Nevada Gov. Brian Sandoval has declared June 30 “Social Media Day.” The proclamation declares the day as one for “partnering with locally owned businesses,” and states that the goal is for businesses and the community to connect “offline, in a face-to-face setting.” Aside from the fact that encouraging people to meet offline sounds more like Anti-Social Media Day (like celebrating a “TV Day” by encouraging people to turn off their sets), I wonder why we need to recognize it at all.
Don’t get me wrong; I appreciate Facebook, Twitter and Google+, but I don’t think we need a state-sanctioned day to celebrate them. Ironically, the official endorsement cheapens the day. I love silly secular holidays, from “National Mustard Day” (the first Saturday in August) to “What If Cats and Dogs Had Opposable Thumbs Day” (March 3). My favorite is “International Talk Like a Pirate Day” (Sept. 19), which started as an inside joke between two friends and was later popularized by humorist Dave Barry. However, these non-holiday holidays work precisely because they are irreverently unofficial.
I appreciated when Mashable created Social Media Day in 2010, and I didn’t mind it too much when Las Vegas officially endorsed the day last year. But now it’s becoming too official. What next, a national holiday so schools can close and students can catch up on their Facebook postings?

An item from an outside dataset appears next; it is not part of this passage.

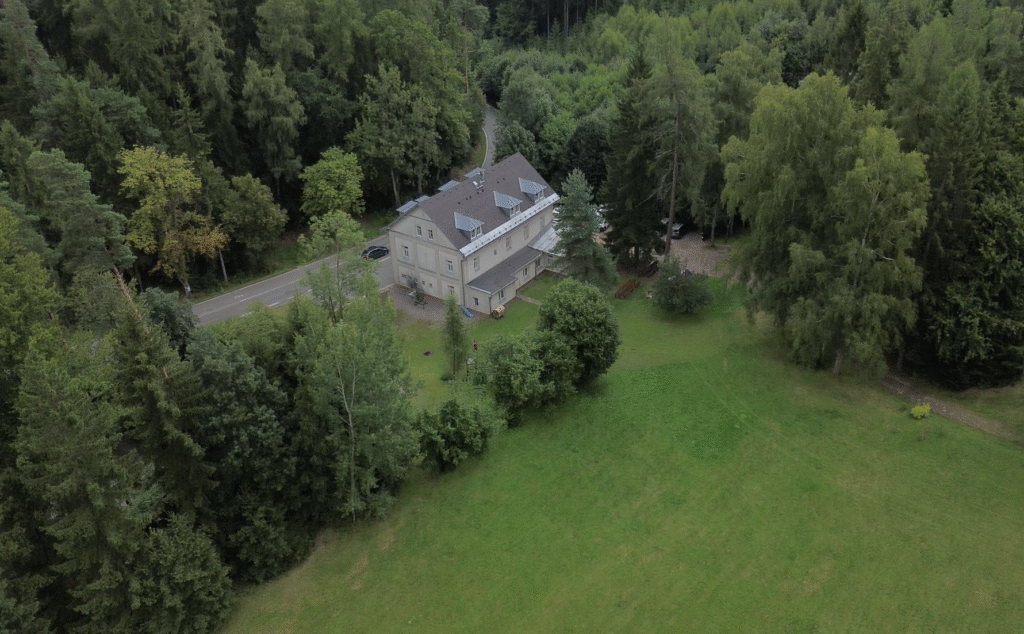 Mariánské poutní místo Rokole u Bohdašína poutní dům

The more official a “holiday” is, the more commercial it becomes, with some eventually evolving into so-called “Hallmark Holidays.” (That term is actually a misnomer, since Hallmark has never actually created a holiday—although the company admits on its website that it wishes it could.)
Holiday commercialization has even spawned an anti-holiday in protest: Festivus (Dec. 23) was created as a semi-joke in 1966 for people frustrated with the commercialism of other winter holidays. Fittingly, Festivus became widely popular only after it was featured on an episode of Seinfeld.
Apparently even an anti-commercial day needs to be promoted on commercial media to become popular. So maybe it’s fitting that we now have an official day to celebrate this most unofficial form of media.